I think this is true. There could be many, many reasons why a wife would be unwilling to work it out with their spouse. If she is unwilling to better the relationship as well, you may as well as try to fly to the moon. 

However, that isn't a reason for a man not to better himself anyway. If he is bettering himself for only a selfish gain - trying to get more sex - he may find himself sorely disappointed as most women are quite capable at sniffing out these kinds of tactics and would find them rather insulting.

If he is bettering himself for only selfless gain, well, most women would find that appealing. Whether that will translate into more sex would depend on the woman. YMMV


----------



## chasethislight (Jul 8, 2011)

It's a confusing situation but I'm glad that Enchantment agreed with my statement about being open about the book would _most likely_ be counterproductive.

I might or might not buy the ebook to read it on my phone or whatever since I think I grasp the essentials of 'manning up'/becoming alpha and would like to explore that first as an 'experiment' to see if i understand it the way I think I do.

Since my brother is semi-obsessed with body-building, he's a very macho guy and all his other body-building buddies are as well.
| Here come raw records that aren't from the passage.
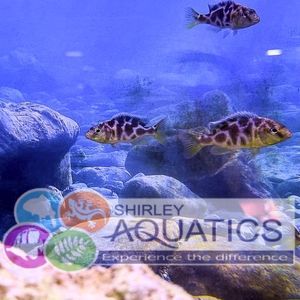 Venustus Hap (Nimbochromis venustus)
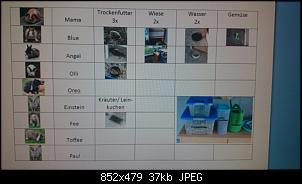Quasselthread-2015073008503300.jpg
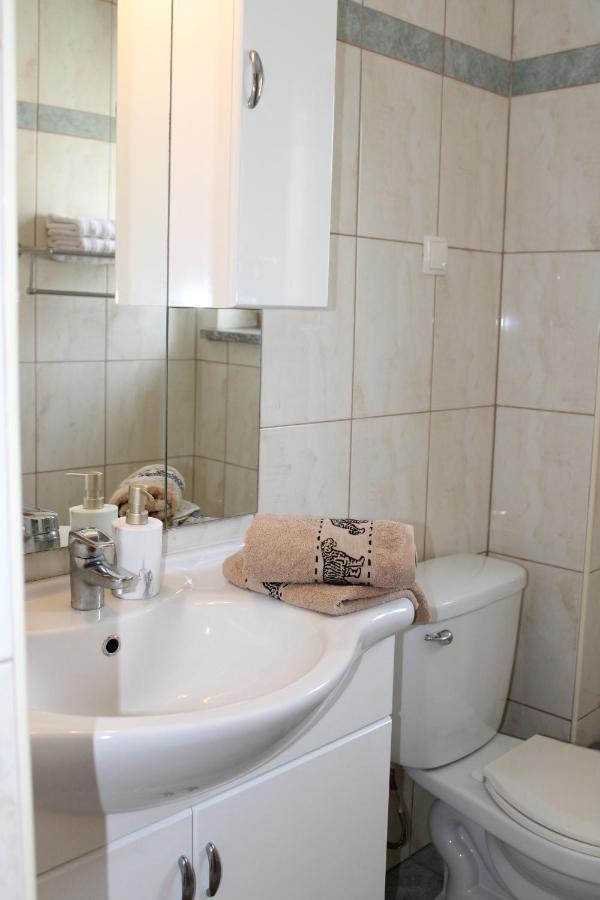 Apartment Noel Sveti Vid-Miholjice エクステリア 写真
I was thinking about going to the gym with him and work out with them since I've been doing calisthenic exercises so I can shape up more (i'm not really out of shape, but I'm by no means "michelangelo's david"), with this I'll have the physical aspect of becomming alpha covered as well as being amongst man-man's .

I want to be bold and agressive about stuff, but I don't think I can back it up at this point of time. All the rejections haven't so much crippled me, but it did it's fair share of breaking down my self-esteem a little regardless of me not showing it. 

So yeah, I've been feeling better already since my opening post, I feel i have a sense of direction, a focus and I almost feel like telling everyone about it including my misses. But I'm not, since that'll most likely only result in her thinking this a new masterplan to get in her pants. It essentially IS, but it's more about HER wanting me to get into her pants AS WELL.

Thanks for all the support guys!


----------



## Enchantment (May 11, 2011)

chasethislight said:


> So yeah, I've been feeling better already since my opening post, I feel i have a sense of direction, a focus and I almost feel like telling everyone about it including my misses. But I'm not, since that'll most likely only result in her thinking this a new masterplan to get in her pants. It essentially IS, but it's more about HER wanting me to get into her pants AS WELL.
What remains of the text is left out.